We all know what happened last Tuesday, right?  It was tax day.

Lots of people thought about their finances, lots of people talked to their local CPAs.  Loads of CPAs saw lots of financial statements, heard why people were freeing up cash, maybe a few even heard the sugar-sweet phrase ‘1031,’ just days ago.

And you know what?  Betcha a Starbucks they don’t all have trustworthy referral partners to work with.

Betcha that if you grabbed a list of CPAs–now that the CPAs aren’t in tax season–and reached out via ANY authentic method (post cards, friendly calls, offering lunch, whatever you’re comfortable with that gets measurable results), and authentically offered yourself as a trustworthy person to help navigate these turbulent waters…
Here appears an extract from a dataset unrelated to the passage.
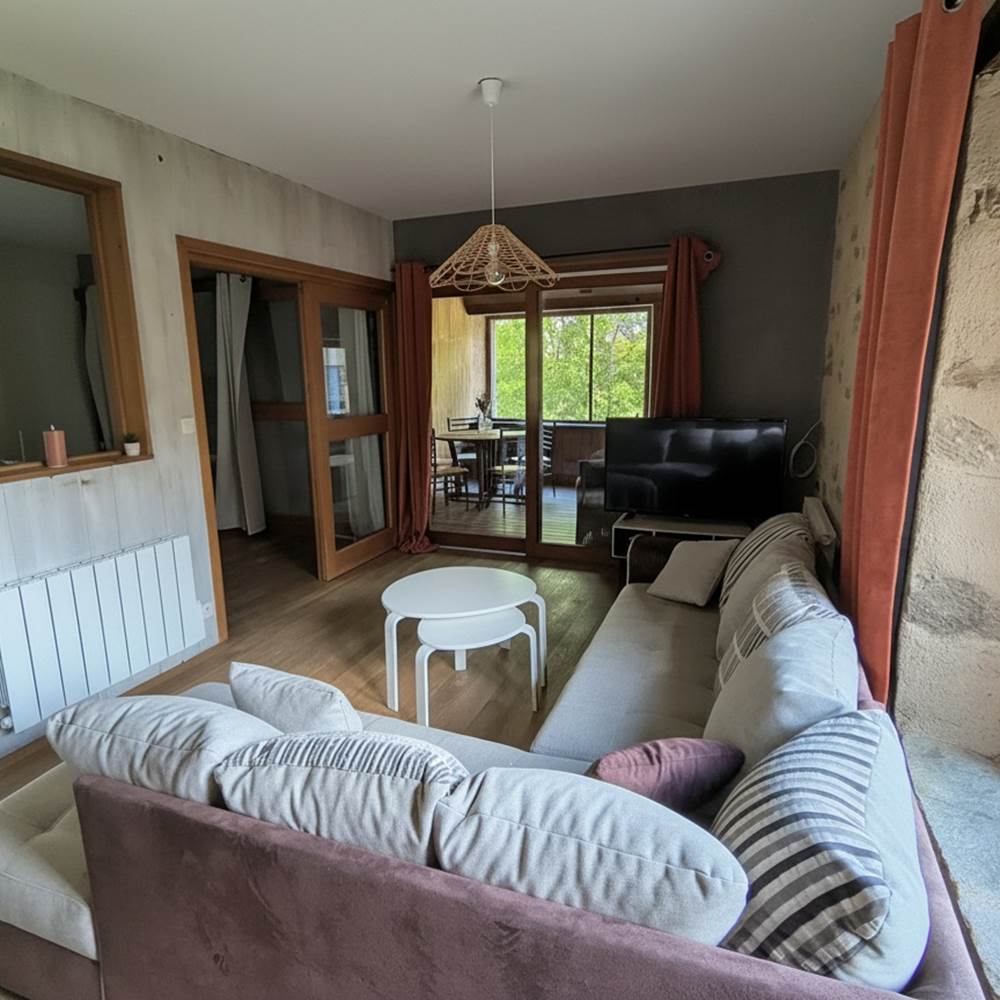 salon-gite-boise-aveyron-salon-tv.jpg-presta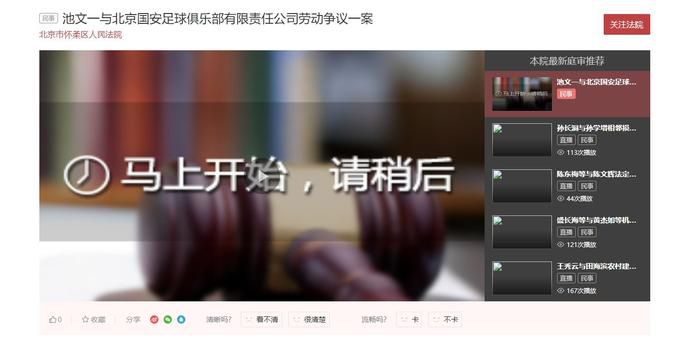 久久一区二区三区精品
You’d get solid referrals in days and weeks-not months.

There are dozens of “scripts” you can use, but why not do it in a sentence:

The more direct and more honest, the better.  I’ve called CPAs (and financial planners) and uttered a run on sentence: “Hi, I’m Chris Johnson, with ____________.  I wanted to reach out and let you know that if you had clients buying a property, I would be honored to help them, and help you make sure it was congruent with their long term goals. Do you have anyone in that category?”

Now, I’ve never once had someone jump through the phone to send me a client.  But, I’ve made (too) few of these calls to CPAs.  And every time I do, within a couple of hours, I meet someone I connect with, I want to help, and that sends people to me because I reached out.  I’m still closing loans from CPAs I met when I was a Realtor.  The very fact that you’re willing to talk to a CPA differentiates yourself from your competition…

So eye on the ball, and reach out to your local CPAs today.